Mas como ouvir os jovens se eles passam uma parte importante do tempo nas redes sociais e em espaços digitais ausentando-se cada vez de locais como a missa ou outros espaços comunitários?

Para evitar mal-entendidos e chegar à geração Z, a Igreja Católica que ouvir mais os jovens. “Às vezes estamos a falar e parece que não os entendemos ou que os jovens falam e nós não os entendemos. Então, como o Papa diz, é preciso um esforço mútuo de conversão para que os jovens gritem, consigamos ouvir e juntos tracemos o futuro”, explica Américo Aguiar.

A edição deste ano tem o mote “Maria levantou-se e partiu apressadamente”, uma passagem do Evangelho segundo São Lucas, que não quer pedir aos jovens que partam rapidamente para outro lado, mas sim que se mobilizem.

“É muito importante que os jovens tenham uma cultura do encontro, do encontro com o que é diferente, o encontro da ternura, dos nossos sentimentos, desta fraternidade universal”, diz o cardeal

“O que eu espero é que estes jovens regressem aos seus países, às suas realidades e sintam o desejo e a força de quererem mudar, de quererem ser protagonistas do futuro e que não tenham a sensação de ficar sentados no sofá, que não fiquem a ver passar a vida e a sociedade, que se sintam protagonistas”, acrescentou.

Quem vem à JMJ?

Todos os jovens católicos foram convidados a vir à JMJ quando, em 2019, o Papa Francisco anunciou esta edição em Lisboa.  Desde essa altura, as paróquias e as dioceses têm-se organizado para angariar fundos para a viagem.

Segundo os últimos números divulgados pela organização da JMJ Lisboa 2023, estão inscritos mais de 313 mil peregrinos de todos os continentes.

De Espanha são esperados cerca de 100 mil participantes, de França cerca de 40 mil. Do Brasil, cerca de 15 mi, de São Tomé e Príncipe 900, e de Angola aguarda-se a presença de 500 jovens.

Estarão presentes jovens de 184 nacionalidades.

Uma destas jovens é Amanda, uma norte-americana de 27 anos vinda de Tyler, no Texas, que está a viajar há mais de 24 horas para chegar a Lisboa.

Esta é a segunda vez que participa num evento desta magnitude, tendo estado em Cracóvia em 2016. Amanda está entusiasmada por encontrar outros jovens católicos e aproveitar para ver algumas igrejas.

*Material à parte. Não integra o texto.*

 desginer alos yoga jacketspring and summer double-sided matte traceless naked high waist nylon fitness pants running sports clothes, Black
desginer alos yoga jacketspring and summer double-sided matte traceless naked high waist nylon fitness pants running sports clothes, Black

“Vim para ter uma experiência da Igreja Católica com outros jovens vindos de todos o Mundo. Estou à espera de muita gente, catequese, oração e muita celebração, muitos ensinamentos. E claro, ver igrejas bonitas”, disse a norte-americana.

RFI

Estimativa do número de participantes na Jornada Mundial da Juventude em Lisboa.

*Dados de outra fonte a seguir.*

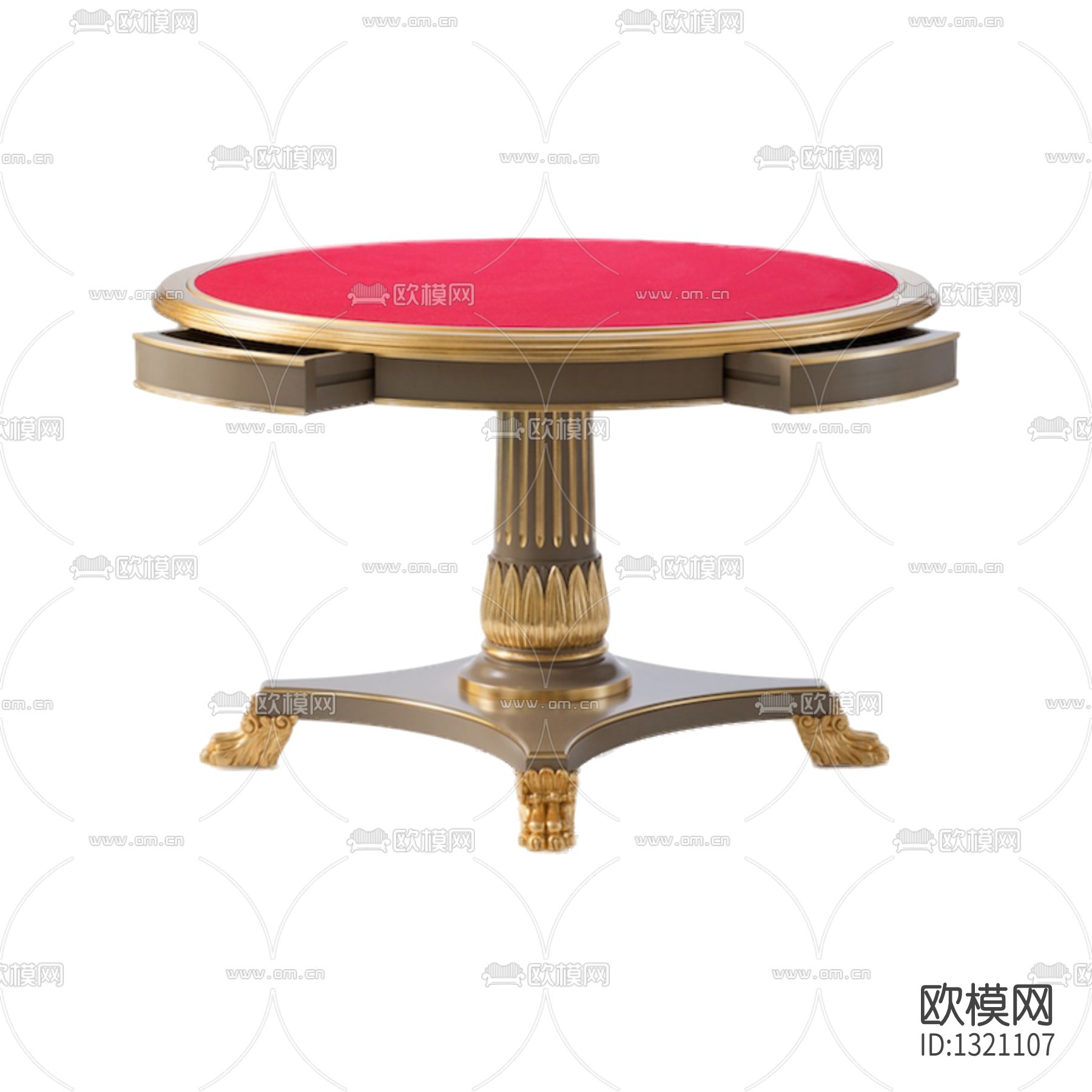 欧式复古金属实木牌桌下载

Do que se vai falar na JMJ?

A perda de crentes para outras igrejas e como resolver a crise de fé serão um dos pontos importantes nesta Jornada, algo que nos Estados Unidos, apesar da pluralidade religiosa, segundo Amanda não é um problema.

“A Igreja Católica continua a ter um papel muito importante nos Estados Unidos e claro que existem muitas outras igrejas cristãs, mas ainda temos muita força. Claro que há pessoas que vão mais ou menos à missa. Mas ainda estamos aqui”, declarou Amanda.

Também o celibato, assim como o papel da mulher na Igreja vão ter um papel de destaque nesta Jornada. Quanto ao papel da mulher, o Padre Armando Pinho, que vem de Angola com cerca de 500 jovens, não duvida que as coisas estão a mudar.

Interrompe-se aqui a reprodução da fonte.